*** INFORMATION SHOWN Section Begins ***
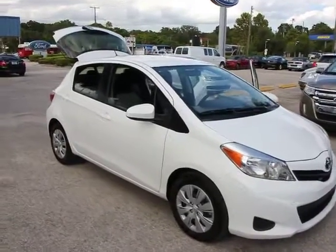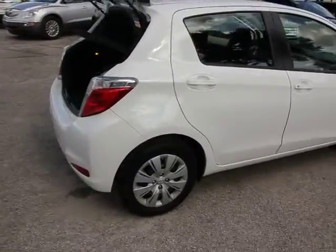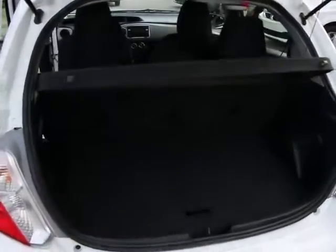2012 Yaris. Whether you're interested in the 5-door or 3-door model, the Yaris offers a sleek design, plenty of interior space, and standard side and side curtain airbags, as well as vehicle stability control.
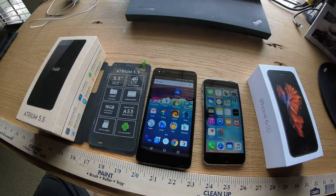It comes with a quad-core processor, 1.3 GHz, and it also has, out of the box, 16 gigabytes of internal memory, which is quite a lot for most phones these days.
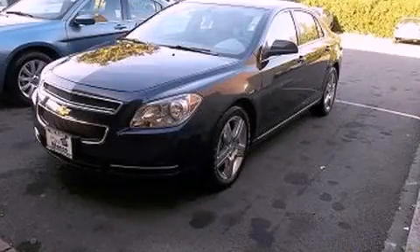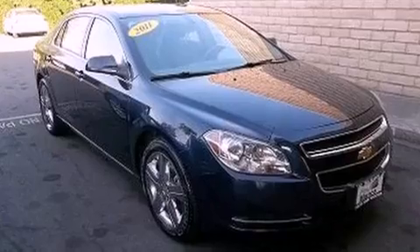This is a 2011 Chevrolet Malibu. It features a 2.4-liter four-cylinder engine and a six-speed automatic transmission.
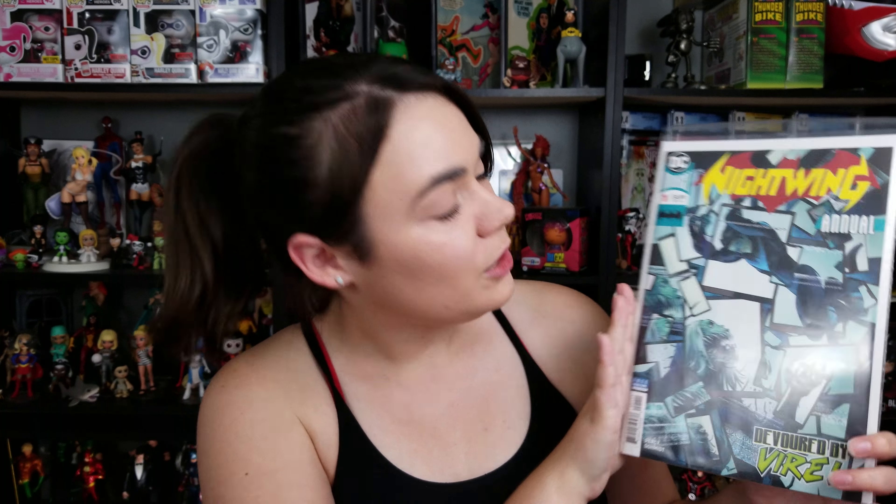The reason why everyone is here is for my polls. It's a much smaller week than normal, but still some decent books. Let's get right into it. Starting off with DC like we normally do: Nightwing, the annual, issue one — this is the first annual.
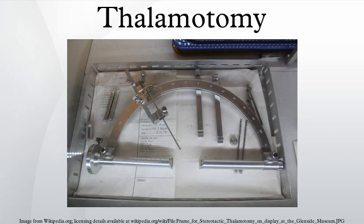Subthalamotomy is a type of brain surgery in which the subthalamic nucleus is destroyed in an attempt to help alleviate movement disorders often associated with Parkinson's disease. This surgery has been most widely researched at Havana's International Center for Neurological Restoration, located in Cuba.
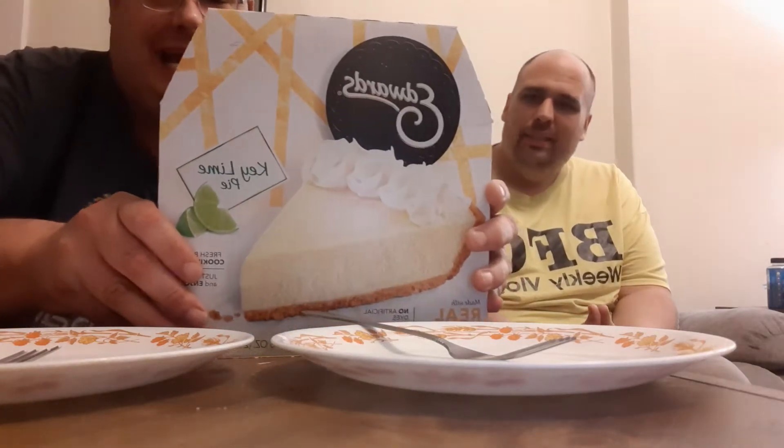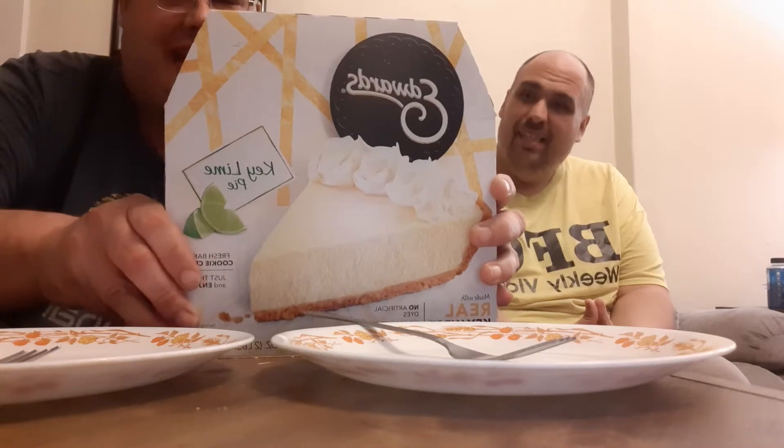So guys, I am doing Edward's Key Lime Pie. We got it at Walmart. How much did it cost? About $3.98 — somewhere between $3 and $5. Really good price, and it's a lot of pie.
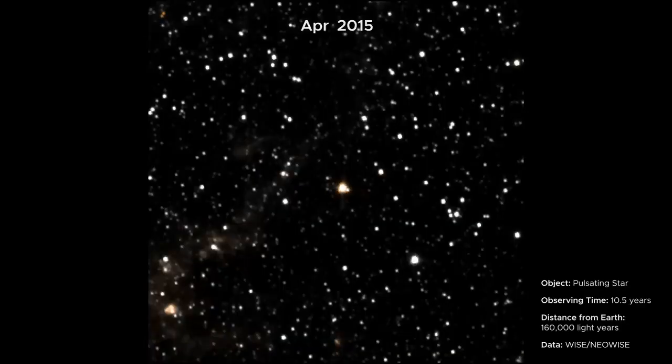Here you see a star reaching the end of its life. As it runs out of fuel it appears to pulse as it expands and contracts.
*** INFORMATION SHOWN Section Ends ***
#### ACTION ITEM
Please give again only the lines from the one containing "So guys, I am" through the last line of the entries above, exactly as they stand and without pictures.

#### SOLUTION FOR THIS EXERCISE
So guys, I am doing Edward's Key Lime Pie. We got it at Walmart. How much did it cost? About $3.98 — somewhere between $3 and $5. Really good price, and it's a lot of pie.
Here you see a star reaching the end of its life. As it runs out of fuel it appears to pulse as it expands and contracts.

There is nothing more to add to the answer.